- _What is required_
Exact copies of all the lines below are wanted, without a single picture.
------ Data
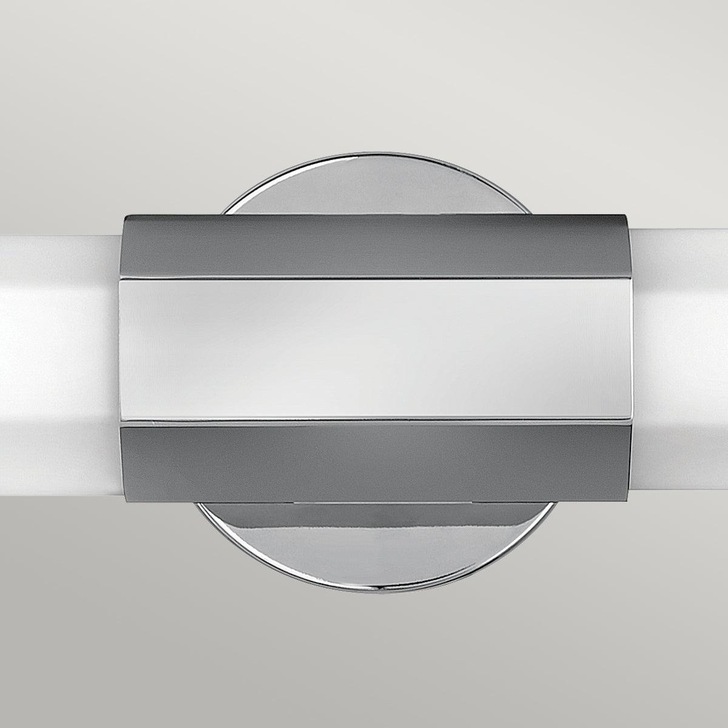 Quintiesse Facet Double LED Bathroom Wall Light In Polished Chrome Complete With Satin Opal Etched Glass - IP44 - QN-FACET-LED2-PC-BATH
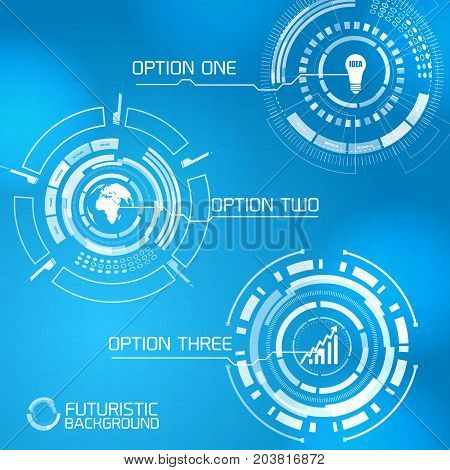 Modern virtual technology user interface menu design futuristic numbered round selector button options on blue background vector illustration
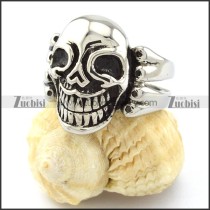 Mens Skull Ring in Stainless Steel for Motorcycle Bikers -r000714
------------
- _Exercise response_
 Quintiesse Facet Double LED Bathroom Wall Light In Polished Chrome Complete With Satin Opal Etched Glass - IP44 - QN-FACET-LED2-PC-BATH
 Modern virtual technology user interface menu design futuristic numbered round selector button options on blue background vector illustration
 Mens Skull Ring in Stainless Steel for Motorcycle Bikers -r000714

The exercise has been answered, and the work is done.